RDDs
Before DataFrames, you would use
RDD.groupBy()
to group your data. This method is very expensive and requires a complete reshuffle of all of your data to ensure all records with the same key end up on the same Spark Worker Node.
Instead, you should use
RDD.aggregate()
,
PairRDDFunctions.groupByKey()
, or
PairRDDFunctions.reduceByKey()
if you're grouping for the purposes of aggregating data such as
sum()
or
count()
.
Note: You need to
import org.apache.spark.rdd.PairRDDFunctions
DataFrames
At the moment, all DataFrame grouping operations assume that you're grouping for the purposes of aggregating data.
If you're looking to group for any other reason (not common), you'll need to get a reference to the underlying RDD as follows:
sessionsDF.rdd.groupBy(...)
Otherwise, the DataFrame
groupBy()
method returns a GroupedData instance as follows:import org.apache.spark.sql.GroupedData
val sessionsDF = Seq(("day1","user1","session1", 100.0),("day1","user1","session2",200.0),
("day2","user1","session3",300.0),("day2","user1","session4",400.0),
("day2","user1","session4",99.0))
.toDF("day","userId","sessionId","purchaseTotal")
val groupedSessions: GroupedData = sessionsDF.groupBy("day", "userId")
At the moment, there's not much you can do with a
GroupedData
instance except add
aggregations as follows:import org.apache.spark.sql.functions._
groupedSessionsDF = groupedSessions.agg($"day", $"userId", countDistinct("sessionId"), sum("purchaseTotal"))
There's also a convenience method for agg() that takes a Map of "column" to "aggregation type" as follows:
val groupedSessionsDF = groupedSessions.agg($"day", $"userId", "sessionId" -> "count", "purchaseTotal" -> "sum" )
This convenience method doesn't currently support the complete list of aggregations, so you may need to revert to the slightly-less-convenient approach listed just above for things like
countDistrinct()
and
sumDistrinct()
, etc
SQL
SQL/HiveQL requires that you specify an aggregation function as follows:
%sql SELECT day, userId, sessionId, purchaseTotal FROM test_df_group_by GROUP BY day, userId
Error in SQL statement: java.lang.RuntimeException: org.apache.spark.sql.AnalysisException: expression 'purchaseTotal' is neither present in the group by, nor is it an aggregate function.
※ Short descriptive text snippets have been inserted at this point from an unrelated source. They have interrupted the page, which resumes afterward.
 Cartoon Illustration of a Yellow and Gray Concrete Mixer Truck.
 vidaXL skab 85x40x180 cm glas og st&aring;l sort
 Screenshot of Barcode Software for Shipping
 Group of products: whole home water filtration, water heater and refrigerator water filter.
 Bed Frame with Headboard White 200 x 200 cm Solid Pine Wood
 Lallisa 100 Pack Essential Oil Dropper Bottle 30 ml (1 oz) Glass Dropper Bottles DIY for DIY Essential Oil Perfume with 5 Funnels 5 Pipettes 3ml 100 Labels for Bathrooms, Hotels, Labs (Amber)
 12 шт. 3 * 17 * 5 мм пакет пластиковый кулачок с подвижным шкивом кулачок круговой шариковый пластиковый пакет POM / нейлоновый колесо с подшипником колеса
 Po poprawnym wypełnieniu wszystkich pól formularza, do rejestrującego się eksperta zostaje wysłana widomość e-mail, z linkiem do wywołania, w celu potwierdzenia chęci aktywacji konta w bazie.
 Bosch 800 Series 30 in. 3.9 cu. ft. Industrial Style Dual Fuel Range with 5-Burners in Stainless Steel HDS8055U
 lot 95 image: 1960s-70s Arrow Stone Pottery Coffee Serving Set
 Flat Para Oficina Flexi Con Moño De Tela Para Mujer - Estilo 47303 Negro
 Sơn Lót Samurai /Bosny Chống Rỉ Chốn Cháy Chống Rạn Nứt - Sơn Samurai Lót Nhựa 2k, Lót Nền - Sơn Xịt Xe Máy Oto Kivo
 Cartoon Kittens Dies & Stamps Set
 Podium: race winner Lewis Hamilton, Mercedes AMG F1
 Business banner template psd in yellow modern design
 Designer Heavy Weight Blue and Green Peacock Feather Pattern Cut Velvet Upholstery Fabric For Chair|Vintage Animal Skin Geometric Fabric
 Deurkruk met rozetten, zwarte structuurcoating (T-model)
Add to group by or wrap in first() if you don't care which value you get.;
at org.apache.spark.sql.catalyst.analysis.CheckAnalysis$class.failAnalysis(CheckAnalysis.scala:38)
at org.apache.spark.sql.catalyst.analysis.Analyzer.failAnalysis(Analyzer.scala:40)
at
Here's a version that works...
%sql SELECT day, userId, count(sessionId) as session_count, sum(purchaseTotal) as purchase_total FROM test_df_group_by GROUP BY day, userId
You always want to use the DataFrames or SQL APIs over low-level RDDs. Especially for Python-based apps, you'll see a large performance boost by using these higher-level libraries due to performance optimizations at these layers.